Benjamin Franklin purportedly cautioned: “Those who would give up essential liberty to purchase a little temporary safety, deserve neither liberty nor safety.” Although the provenance of that statement is not without questions, the quote accurately reflected the spirit of the Imperial Crisis and the American Revolution. When Franklin and his compatriots finally “pledged their lives, their fortunes and their sacred honor” to a War for Independence, they perceived themselves fighting to maintain their rights against a renegade government illegitimately accumulating power and threatening liberty.

Once liberty was defended and independence won, however, Americans found governing more problematic than many of the revolutionary slogans had implied. Motivated by the conviction that “power was the enemy of liberty, but too much liberty was also the enemy of liberty,” the convention in Philadelphia in 1787 yielded the Constitution, which created a more centralized government and traded some liberty for stability.

The framers created a federal system in which the national government shared sovereignty with the states, at the same time asserting the supremacy of the new consolidated government. Although the Constitution backed away from the rhetoric of 1776, the framers showed respect for their revolutionary experience and bowed to their political reality. They placed limits on the new government, and they divided power into three branches, charging each component with oversight of the other two in order to provide “proper checks and balances.”

The framers would be struck by the current form of their handiwork as it has evolved over the course of two centuries. Notwithstanding, the problem that they identified as the central dilemma of Republican government, the tension between power and liberty, has remained constant in American history. And the antidote that they prescribed, competing sources of power, “counteracting ambition with ambition,” creating institutional interests and pitting them against rival interests, has served remarkably well to protect liberty from power over time.

The ancient problem and the eighteenth-century curative speak to an important current question: how much power shall we allow the President to exercise in exchange for security in a hostile world? How much power is too much? When does the power of the presidency pose an unacceptable threat to our liberty? These questions are not unprecedented. Much of our present dilemma is systemic and historical. There is no place on Mount Rushmore for presidents who remained satisfied with the scope of their power. Generally, presidents attempt to enlarge the power of the presidency; it is an institutional instinct.

Having said that, no practiced student of American history would trust ruling presidents to determine wisely the limits of their own power. That role falls to the other branches. In addition to those provided in the founding document, extraconstitutional interests have emerged in contemporary America as powerful players in the oversight of presidential authority. These agents include the opposition party in our two-party system, the free press and the giant federal bureaucracy, all of whom have contributed to the current examination of presidential power. As a result of this healthy debate, the legislative and judicial branches, which remain potent and jealous interests, ultimately and rightly, will determine the extent of presidential authority in this latest chapter concerning power and liberty.

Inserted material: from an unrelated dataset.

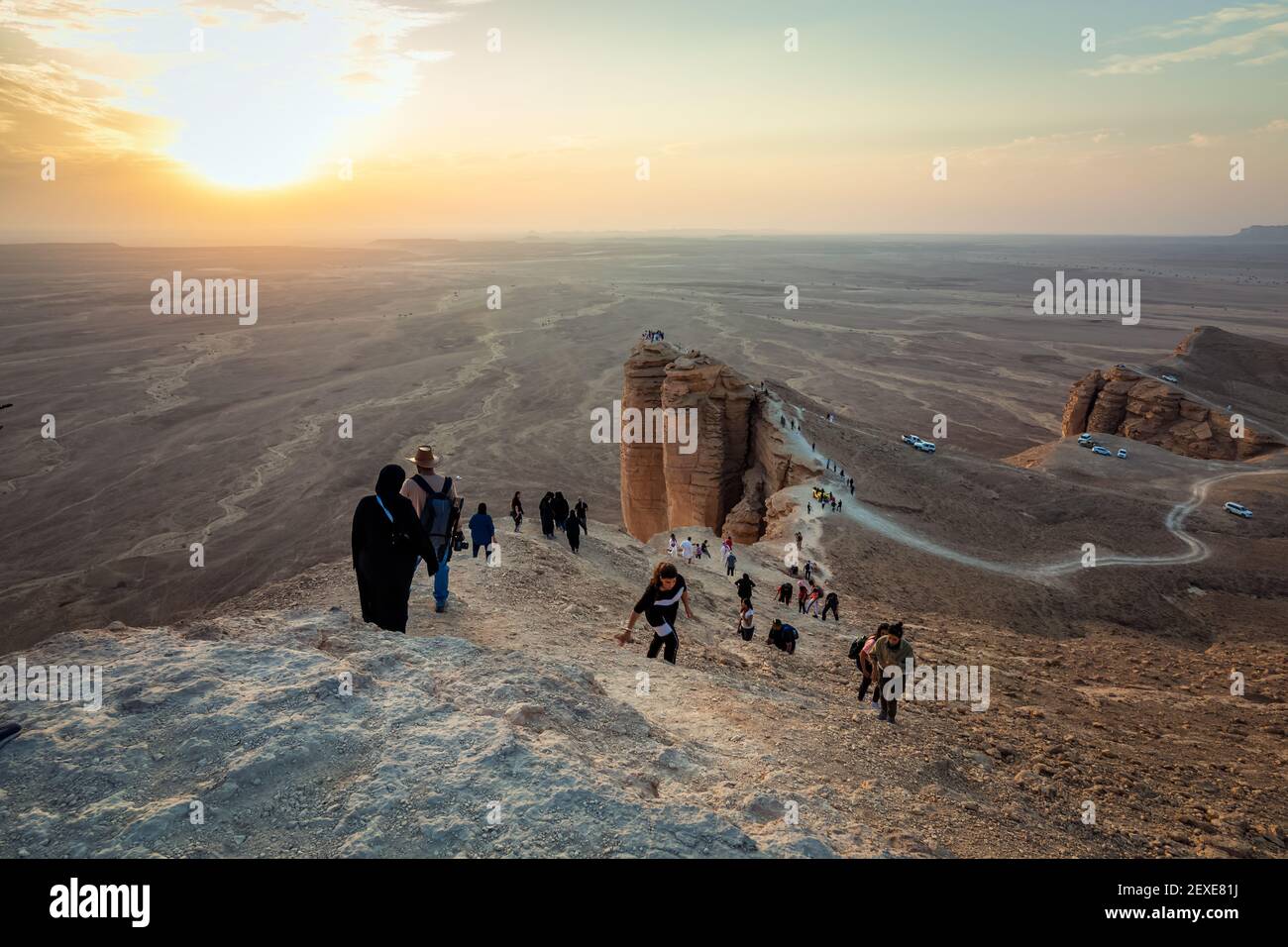Tourist on Edge of the World, un punto di riferimento naturale e popolare destinazione turistica vicino Riyadh -Arabia Saudita.08-Dic-2019. Foto Stock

Of course, all of these institutions serve merely as surrogates for the people. The power undergirding all these branches (constitutional and otherwise) is rooted in popular sovereignty. Benjamin Franklin, commenting at the close of the Constitutional Convention, optimistically predicted that a well-administered Republican government could last indefinitely. But the pragmatic Franklin also worried that self rule could easily “end in despotism…when the people shall become so corrupted as to need despotic government, being incapable of any other.” The gravest threat to liberty comes when the people abdicate their crucial role in the process. May an enlightened debate with regard to the balance between liberty and power continue to flourish.